[[ Data below open ]]

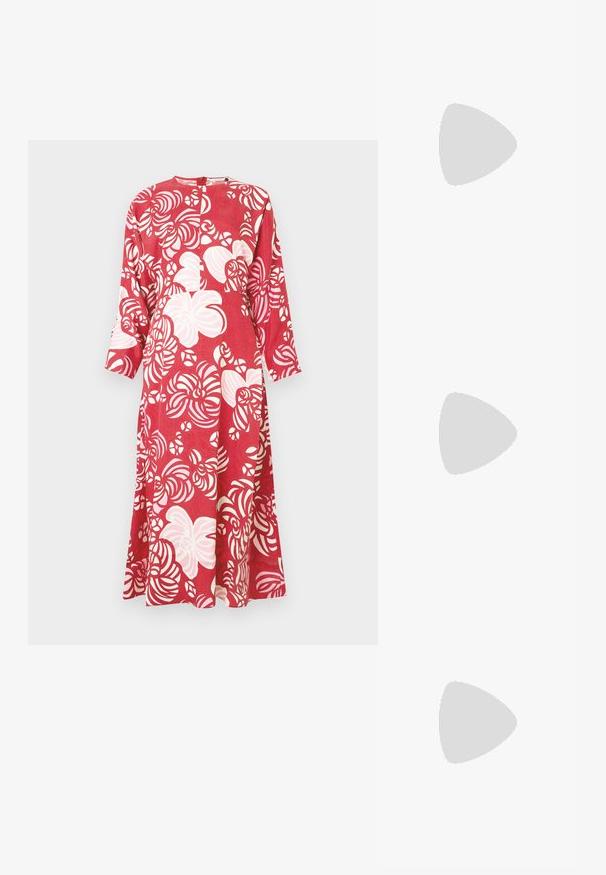 Abito rosso a maniche lunghe, con motivo a vortice bianco. Realizzato in tessuto liscio, presenta una scollatura arrotondata e una cerniera posteriore.; Stivaletto in pelle verniciata nera con punta a punta e tacco a blocco di altezza media. Texture liscia e design minimalista.; Borsa a spalla in pelle nera liscia con parte superiore curva, tracolla singola, chiusura con zip e piccolo logo in argento al centro frontale.; Anello doppio in argento con superficie liscia e lucida. Presenta un design fluido e curvo con sezioni sovrapposte per un aspetto moderno.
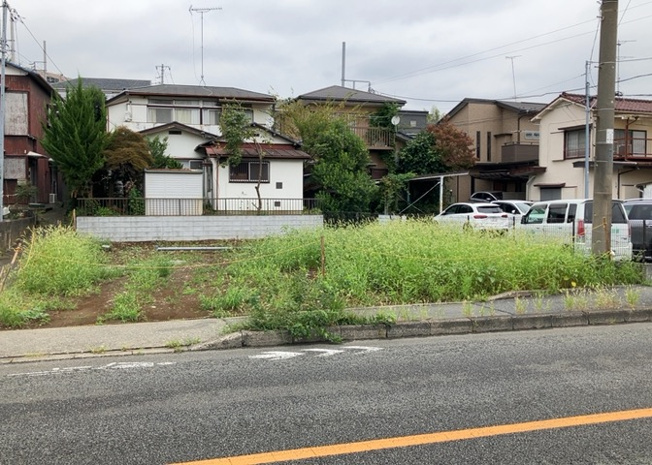 【外観】 | 人が暮らすうえで日光は大切な要素となります。日当たりの良さは譲れないポイントですね。併せて近くに大きな建築物の建築予定がないか、あるいはそれが可能な土地が近くにないか事前に確認することもお勧めします。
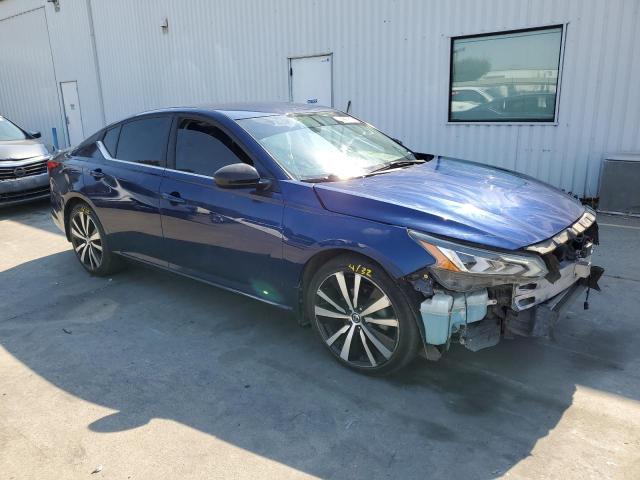 1N4BL4CV9KN306236 - 2019 NISSAN ALTIMA SR BLUE photo 4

[[ Data below closed ]]

Aim of the exercise: Each line of the data is to be duplicated exactly; pictures stay out of the copy.

Your solution:
 Abito rosso a maniche lunghe, con motivo a vortice bianco. Realizzato in tessuto liscio, presenta una scollatura arrotondata e una cerniera posteriore.; Stivaletto in pelle verniciata nera con punta a punta e tacco a blocco di altezza media. Texture liscia e design minimalista.; Borsa a spalla in pelle nera liscia con parte superiore curva, tracolla singola, chiusura con zip e piccolo logo in argento al centro frontale.; Anello doppio in argento con superficie liscia e lucida. Presenta un design fluido e curvo con sezioni sovrapposte per un aspetto moderno.
 【外観】 | 人が暮らすうえで日光は大切な要素となります。日当たりの良さは譲れないポイントですね。併せて近くに大きな建築物の建築予定がないか、あるいはそれが可能な土地が近くにないか事前に確認することもお勧めします。
 1N4BL4CV9KN306236 - 2019 NISSAN ALTIMA SR BLUE photo 4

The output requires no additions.